What I saw at Microsoft still largely holds true today: defenders don’t understand attackers. The “defenders” I interacted with in 1996 were young developers trying to get their cool new features to work and checked into the nightly builds. They weren’t thinking about security, and they weren’t specifically trained in attacker techniques. Similarly, today, the average enterprise IT department is consumed with daily firefighting and doesn’t understand how attackers abuse its systems.
Today, when a classic “pen test” is performed, it almost always proves that similar, difficult-to-detect attacker techniques continue to work time after time. Without timely detection, attackers have unlimited time to breach defenses, and they will always be successful. Tightly scoped, short-term penetration testing engagements don’t present a realistic test of defensive people, processes, and technologies, and often don’t result in improvement, as evidenced by the fact that the same attacker techniques tend to work over and over.
Today’s classic “pen tests” do not result in an improved defense. They are activities without progress. Admiral Nimitz learned from the valuable red team exercises at the War College that activities made them better and directly contributed to the outcome of the conflict. However, classic “pen tests” aren’t making us better as infosec defenders.
Offensive Exercise Maturity Model
There are several stages enterprises go through with respect to offensive testing; most enterprises are stuck in Type I and Type II engagements that provide limited value.
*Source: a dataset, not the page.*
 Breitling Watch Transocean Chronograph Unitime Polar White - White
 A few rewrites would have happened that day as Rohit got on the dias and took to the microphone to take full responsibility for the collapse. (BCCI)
The maximum security value comes from Type III and Type IV engagements.
I want to encourage all defenders to increase the utility of offensive engagements in 2020. Think about how to create progress and improvement from these activities. Don’t settle for classic “pen tests” that generate the same result over and over. Don’t accept a “pen testers always win” defeatist attitude—gain confidence in and tighten your detection timelines. Like Admiral Nimitz, use offensive engagements to understand the playing field before you find yourself in a firefight.